Il ressort des pièces du dossier que Mme C… se maintient irrégulièrement en France depuis plus de neuf ans et n’établit pas y disposer de liens intenses et stables. Il est constant qu’elle a en outre déjà fait l’objet de deux précédentes mesures d’éloignement qu’elle n’a pas exécutées, tandis que la cellule familiale pourra se reconstituer en République Démocratique du Congo.
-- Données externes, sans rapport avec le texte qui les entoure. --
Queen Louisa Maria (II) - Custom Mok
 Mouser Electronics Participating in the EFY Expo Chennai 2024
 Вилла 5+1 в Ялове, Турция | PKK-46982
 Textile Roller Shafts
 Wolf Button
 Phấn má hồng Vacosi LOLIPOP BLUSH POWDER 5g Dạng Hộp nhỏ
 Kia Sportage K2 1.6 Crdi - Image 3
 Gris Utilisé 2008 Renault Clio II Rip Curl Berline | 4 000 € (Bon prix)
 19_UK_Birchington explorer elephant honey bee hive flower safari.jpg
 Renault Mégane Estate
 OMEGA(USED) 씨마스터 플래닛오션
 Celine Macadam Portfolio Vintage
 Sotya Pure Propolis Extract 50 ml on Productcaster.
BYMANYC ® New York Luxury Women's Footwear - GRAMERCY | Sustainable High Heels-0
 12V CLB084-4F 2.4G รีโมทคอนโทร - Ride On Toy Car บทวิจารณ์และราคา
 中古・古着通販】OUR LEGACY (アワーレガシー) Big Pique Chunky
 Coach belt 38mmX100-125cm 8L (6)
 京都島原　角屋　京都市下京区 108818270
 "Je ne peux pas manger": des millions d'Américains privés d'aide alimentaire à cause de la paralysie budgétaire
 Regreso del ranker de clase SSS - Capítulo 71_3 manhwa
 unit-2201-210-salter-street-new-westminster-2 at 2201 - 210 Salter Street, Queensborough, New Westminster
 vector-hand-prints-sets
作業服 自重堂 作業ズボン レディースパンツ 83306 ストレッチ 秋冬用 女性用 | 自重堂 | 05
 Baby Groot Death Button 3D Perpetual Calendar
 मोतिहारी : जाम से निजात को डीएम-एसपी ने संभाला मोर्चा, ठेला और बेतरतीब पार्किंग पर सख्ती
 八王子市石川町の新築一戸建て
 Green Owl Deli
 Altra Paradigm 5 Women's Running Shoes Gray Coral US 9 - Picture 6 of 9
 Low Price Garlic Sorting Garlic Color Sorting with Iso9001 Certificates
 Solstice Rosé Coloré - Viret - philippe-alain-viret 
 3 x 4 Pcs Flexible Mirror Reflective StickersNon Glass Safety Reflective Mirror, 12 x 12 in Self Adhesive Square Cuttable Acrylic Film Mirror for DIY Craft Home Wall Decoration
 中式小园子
Ainsi, la requérante n’est pas fondée à soutenir que la préfète du Rhône, qui a procédé à un examen particulier de la situation de l’intéressée, aurait, en prononçant à son encontre une interdiction de retour sur le territoire national de douze mois, fait une inexacte application des dispositions précitées du code de l’entrée et du séjour des étrangers et du droit d’asile, le quantum retenu ne revêtant pas un caractère disproportionné.
En troisième lieu, au vu notamment des éléments mentionnés au point précédent, il ne ressort pas des pièces du dossier qu’en prenant la mesure litigieuse, la préfète du Rhône aurait commis une erreur manifeste dans l’appréciation des conséquences de cette décision sur la situation personnelle de l’intéressée.
En dernier lieu, pour les mêmes motifs que ceux qui ont été énoncés aux points 5 et 7, la requérante n’est pas fondée à soutenir que cette décision serait contraire aux stipulations de l’article 8 de la convention européenne de sauvegarde des droits de l’homme et des libertés fondamentales et à celles du 1 de l’article 3 de la convention internationale relative aux droits de l’enfant.
Il résulte de tout ce qui précède que la requête de Mme C… doit être rejetée, y compris ses conclusions à fin d’injonction sous astreinte et celles présentées au titre des frais liés au litige.
D E C I D E :
Article 1er : La requête de Mme C… est rejetée.
Article 2 : Le présent jugement sera notifié à Mme A… C… et à la préfète du Rhône.
Délibéré après l’audience du 3 février 2026, à laquelle siégeaient :
M. Pin, président,
Mme Bardad, première conseillère,
Mme Boulay, première conseillère.
Rendu public par mise à disposition au greffe le 24 février 2026.
La rapporteure,
P. Boulay
Le président,
F.-X. Pin
La greffière,
E. Seytre
La République mande et ordonne à la préfète du Rhône, en ce qui la concerne ou à tous commissaires de justice à ce requis en ce qui concerne les voies de droit commun contre les parties privées, de pourvoir à l’exécution de la présente décision.